Coming in to college, most freshmen want to be best friends with their new roommate. You hear all of the great stories about the friendships that were formed. You hear that you and your first roommate will be totally inseparable and the best of friends. There is also the other side, the horror side, where your roommate may become your least favorite person on campus. However, things don't always have to be like that; there is a space right in the middle that many people do not often talk about.
My freshman year, I chose my roommate instead of choosing to be assigned a random one. We had connected through Facebook and shared many common interests: our faith, a love for dancing and an obsession with the Iowa Hawkeyes. I could not wait for move-in day because I thought that my new roommate and I were going to be the best of friends; we would be inseparable. We shared all of the same interests and could connect about so many different things. However, I was also worried. What happened if we weren't best friends? What happened if we hated each other? I was excited, but also very nervous, until freshman orientation. Before orientation began, I was talking with a student admissions staff member who gave me some of the best college advice I had ever received -- it is OK if you aren't best friends with your first college roommate; in fact, it is almost better that way.
When we got to campus, my roommate was definitely one of my first friends. We stuck together for awhile but slowly headed our own directions. We had different friend groups and some of our priorities were just in different places. Some of our similarities made us close, but we still had our many differences that split us apart. However, my roommate is still one of the greatest friends I made my freshman year.

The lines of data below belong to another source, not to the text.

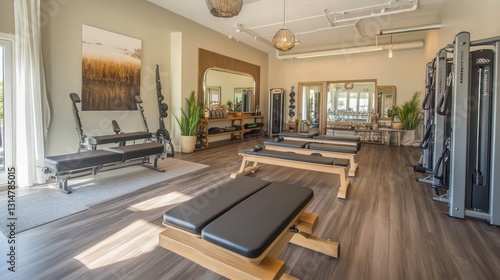 Luxury boutique fitness studio, premium equipment, personalized setups, and elegant decor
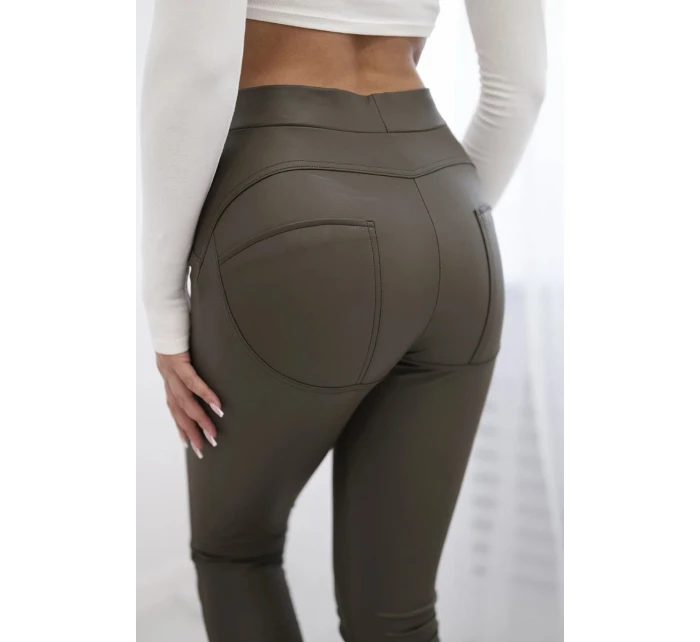 Push up kalhoty z eko kůže khaki Push up kalhoty z eko kůže khaki
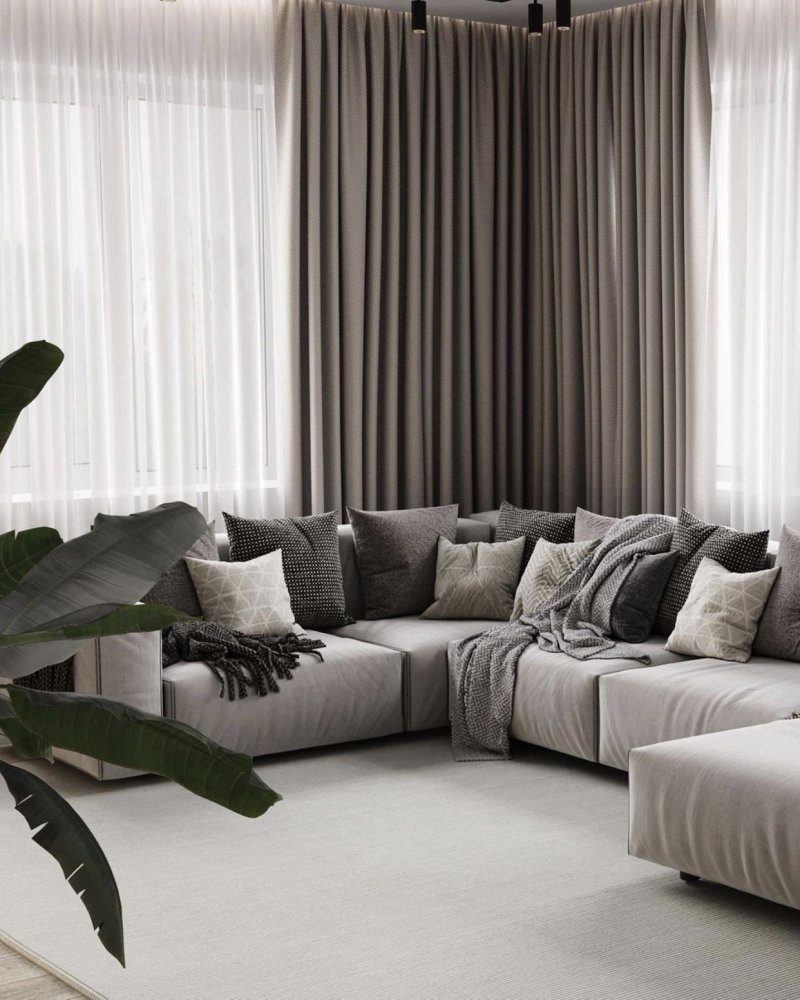 Sofas in the interior of the living room in a modern style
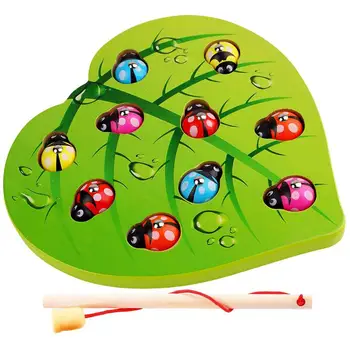 

Children's Love Ladybug Fishing Game Baby Early Montgomery Education Alpinia Wooden Toys Parent Child Interactive Games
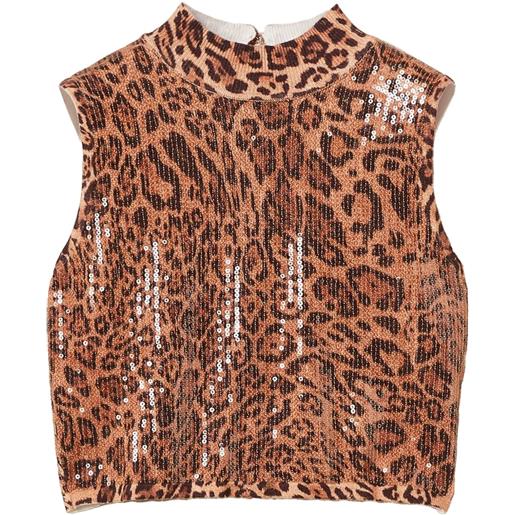 TWINSET top con paillettes - marrone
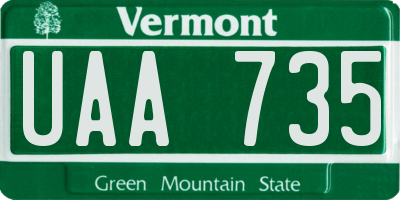 VT license plate UAA735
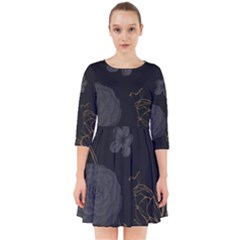Dark And Gold Flower Patterned Smock Dress by Grandong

Often with best friends, there is the feeling that you need to constantly be talking and sharing what is going on every second of every day. It was nice to come back to a room where I did not feel obligated to be constantly talking and telling my roommate everything that was going on in my life. When I needed to talk, I knew she would listen; when I didn't feel like talking, she didn't push me to. But that silence when neither of us felt like talking was never uncomfortable. We could each do our own thing without a constant need to be discussing our daily lives.

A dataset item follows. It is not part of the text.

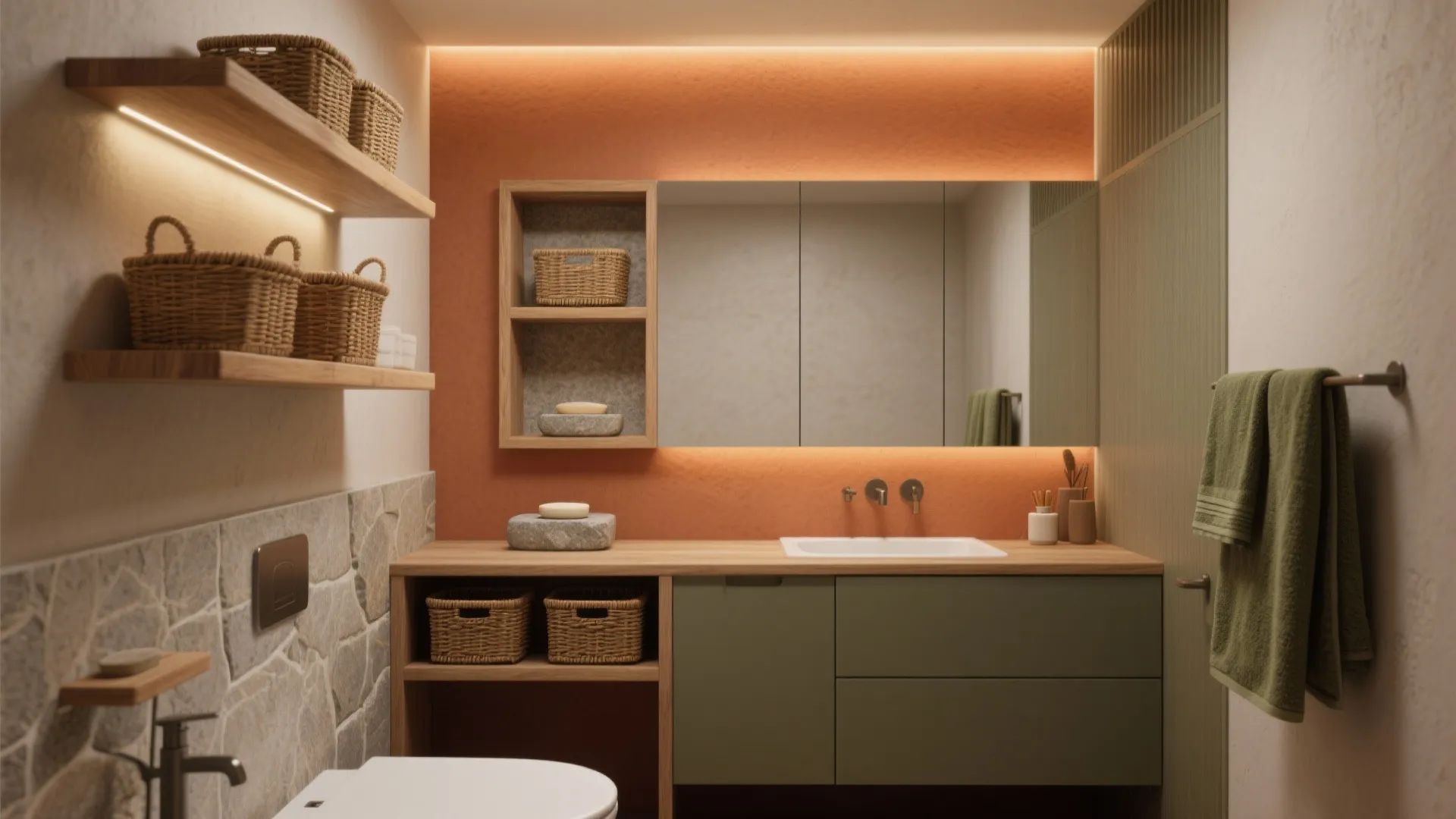 5. Natural Textures and Smart Storage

Not being best friends with my roommate also meant being in different friend groups. This was great in so many ways -- we were not frequently tired of each other because we weren't together often, and there was always someone to vent to about the drama that occurs often in groups of girls. It also meant having unbiased advice for many of those situations where you weren't sure what to do about friends who were fighting or things that were going wrong. I could always trust my roommate and I knew she would give the best advice she could every single time, or at least listen to me rant for 20 minutes.

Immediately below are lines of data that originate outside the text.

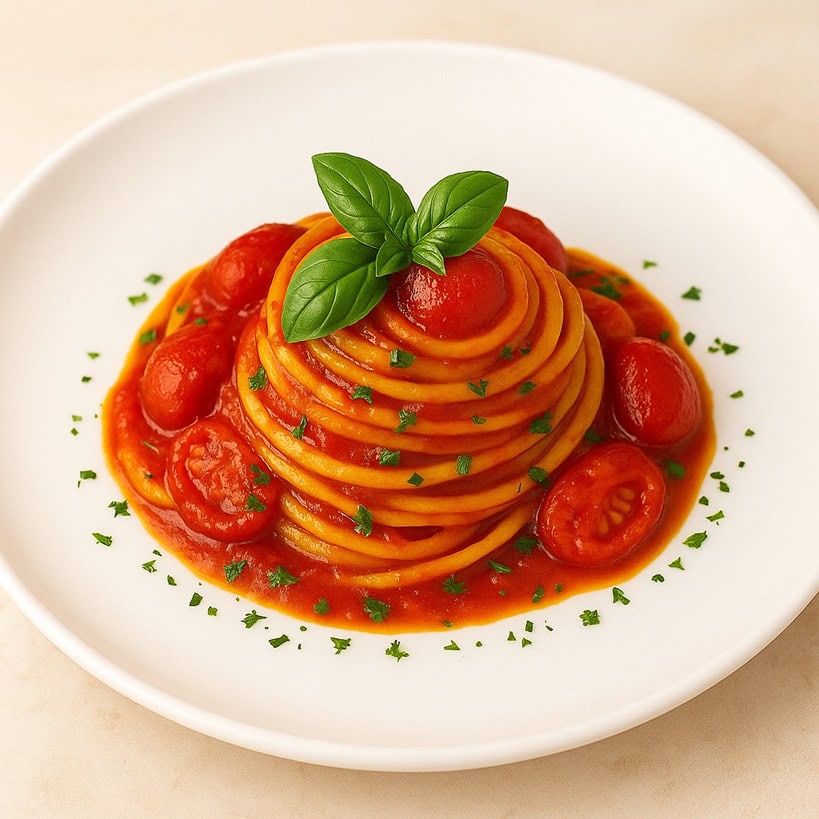 Piatto con spaghetti al pomodoro fresco con pomodorini e basilico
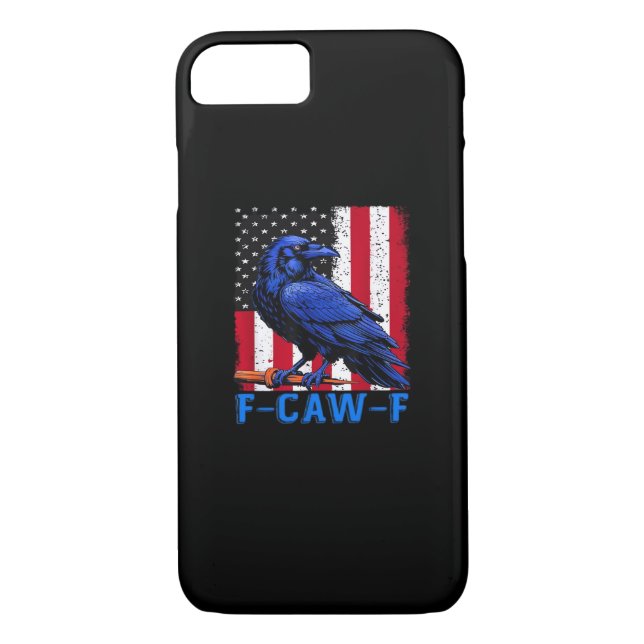 Crow Raven Funny F-Caw-F Minimal Clean Case-Mate iPhone Case (Back)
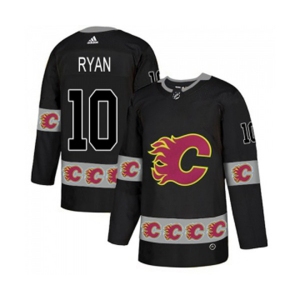 Calgary Flames #10 Derek Ryan Authentic Black Team Logo Fashion Hockey Jersey
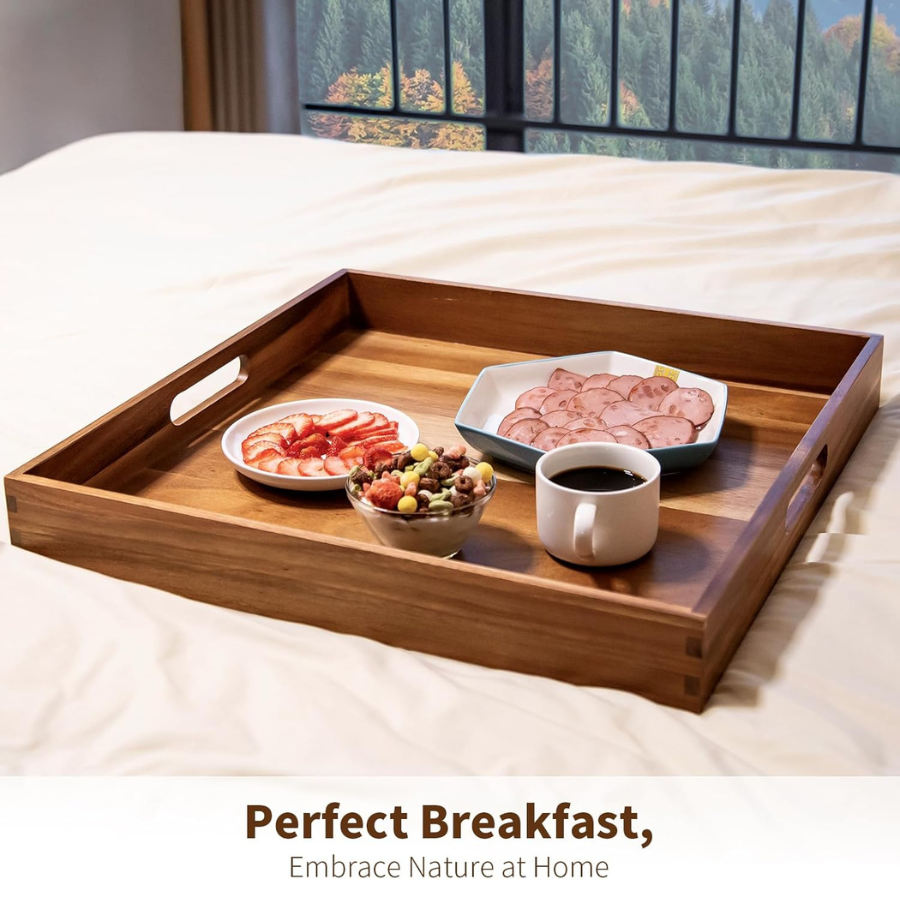 Carpentray Large Square for Living Room Wooden Tray Size 20" x 20" x 2"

Many times, you'll hear great stories about the inseparable roommates, or you'll hear horror stories about the roommates who cannot stand each other. I am happy to say that my freshman year, my roommate and I were in the middle. We weren't each other's best friend, but I definitely do not have bad things to say about my first roommate. She was and still is a great friend to me and I will be forever thankful for the friendship that was made in my first dorm room.